さいたま市浦和の会計事務所、中小企業の経営パートナー「税理士法人新日本経営」です。
令和6年度改正により、交際費等の範囲から除外される「飲食費」の基準が5,000円以下から1万円以下に引き上げられました。
金額基準が引き上げられたことにより、得意先との接待の機会が増えた企業も多いでしょう。
また、得意先との接待の場面において、タクシーや送迎車等に対する支払いが生じることがあります。
今回は、「飲食費」の金額基準の引上げに伴い、接待対象の得意先等をタクシーや送迎車等に乗せた場合における交際費課税の留意点をお伝えします。
そもそも法人税における交際費等とは
まず、法人税における交際費等とは、交際費、接待費、機密費その他の費用で、法人が、その得意先、仕入先その他事業に関係のある者等に対する接待、供応、慰安、贈答その他これらに類する行為のために支出するものであり、原則として損金不算入となります。
「飲食費」については交際費等の範囲から除かれる
ここでの飲食費とは、具体的には、“飲食等”という行為をするために必要な費用で、飲食代のほか、テーブルチャージ料やサービス料など、飲食店等に直接支払うものが対象となります。
一定事項を記載した書類の保存を要件に1人当たり1万円以下の金額まで損金算入できますが、1万円を超えた場合は、超過部分のみではなく、全額が交際費等となります。いわゆる飲食費の“1万円基準”と呼ばれています。
一方、送迎費については
接待等を行う飲食店等へ得意先等を送迎するため自社が負担した送迎費については、飲食等のために飲食店等に対して直接支払うものではないため「交際費等」に該当します。
間違えやすいのは、飲食代に送迎タクシー代を合算して飲食費の1万円基準の判定をしてしまうケースです。
例を挙げて考えてみましょう。
飲食代6,000円とタクシー代3,000円
例えば、得意先を接待するために飲食代として“1人当たり6,000円”を支払い、接待終了後、得意先が帰宅するためのタクシー代として“1人当たり3,000円”を自社が負担した場合を想定します。
1人当たりの飲食代とタクシー代の合計額は9,000円(1万円基準を満たす)のため、9,000円全額を「飲食費」として損金算入してしまいそうですが、これは誤りです。

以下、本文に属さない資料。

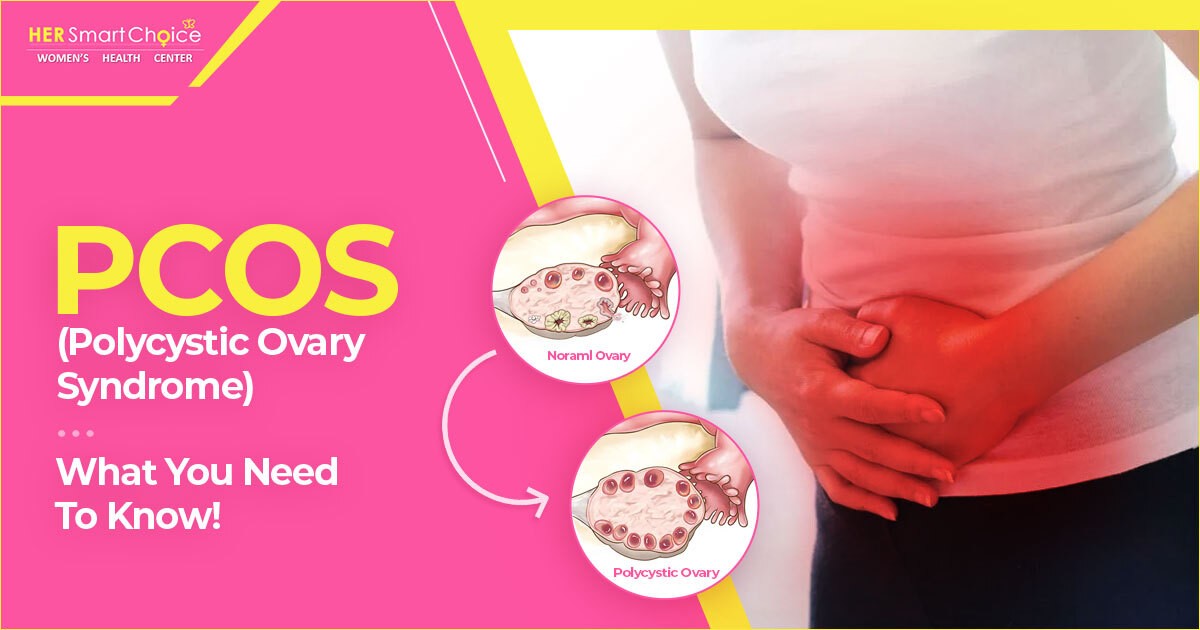 Polycystic Ovary Syndrome (PCOS)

正しくは、1人当たりの飲食代のみをもって1万円基準の判定を行い、飲食代の1人当たり6,000円の部分のみが「飲食費」に該当し損金算入することができます。そして、タクシー代3,000円については、「交際費等」に該当し、原則、損金不算入(注)となりますので注意しましょう。

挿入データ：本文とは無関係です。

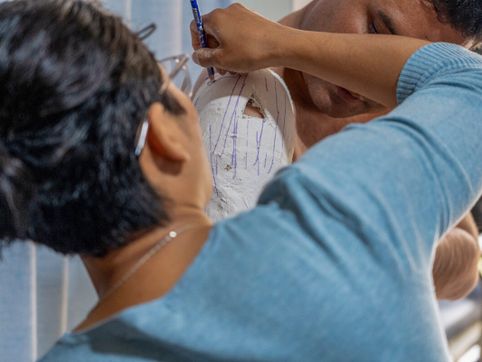 Prosthetics ministry opens gospel doors in East Asia | Baptist Press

(注)資本金1億円以下の中小企業であれば、「定額控除限度額の特例」の適用対象となり、その他交際費等に該当するものとの合計で年800万円まで損金算入できます。
仮に、前述のケースで飲食代が“1人当たり9,000円”であった場合、1人当たりの飲食代とタクシー代(3,000円)の合計額は12,000円(1万円超)であるが、1万円基準の判定にタクシー代を合算する必要はないので、1人当たりの飲食代9,000円については、1万円基準を満たし「飲食費」として損金算入することができます。
まとめ
令和6年度税制改正により、「飲食費」の損金算入における金額基準が1人当たり1万円以下に引き上げられたことで、得意先との接待機会が増加するケースも見られますが、接待時に発生するタクシー代や送迎費については注意が必要です。

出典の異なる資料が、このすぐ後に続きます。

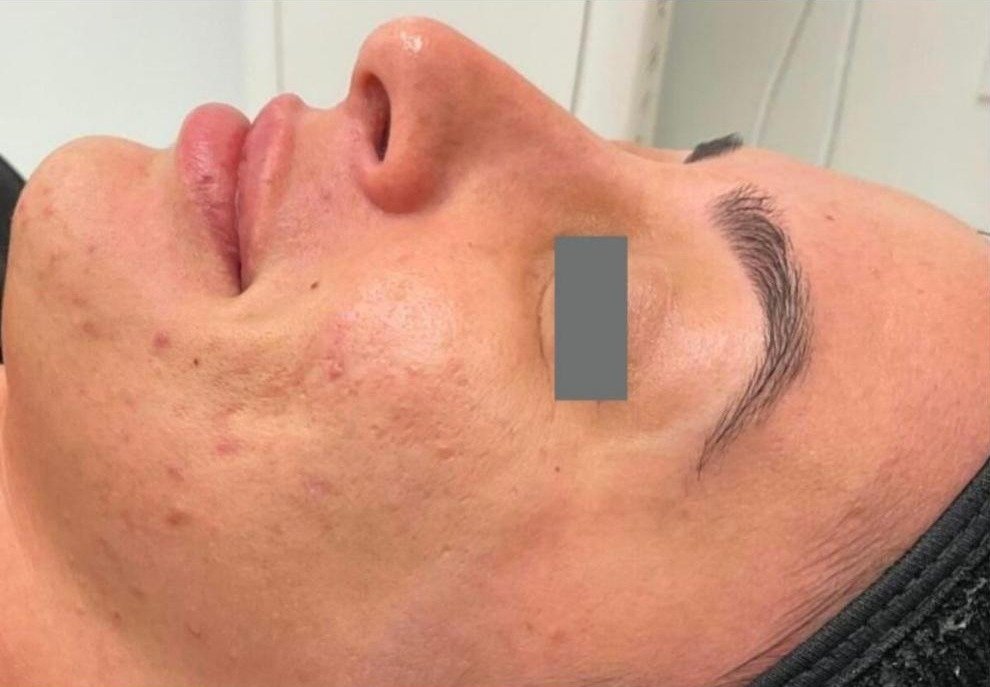 Before Matrix RF Microneedling acne treatment at Royal You Med Spa Madison WI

飲食費の1万円基準の判定に含めてよいのは、あくまで飲食店等に直接支払う飲食代やサービス料などに限られ、送迎費は含まれません。送迎費は「交際費等」に該当し、原則損金不算入となります。
ただし、中小企業であれば、交際費等の年間800万円までを損金算入できる特例の適用も可能です。接待費用の取扱いを誤ると、税務上のリスクを招く可能性もあるため、区分の明確化と帳簿・証憑の整備が重要です。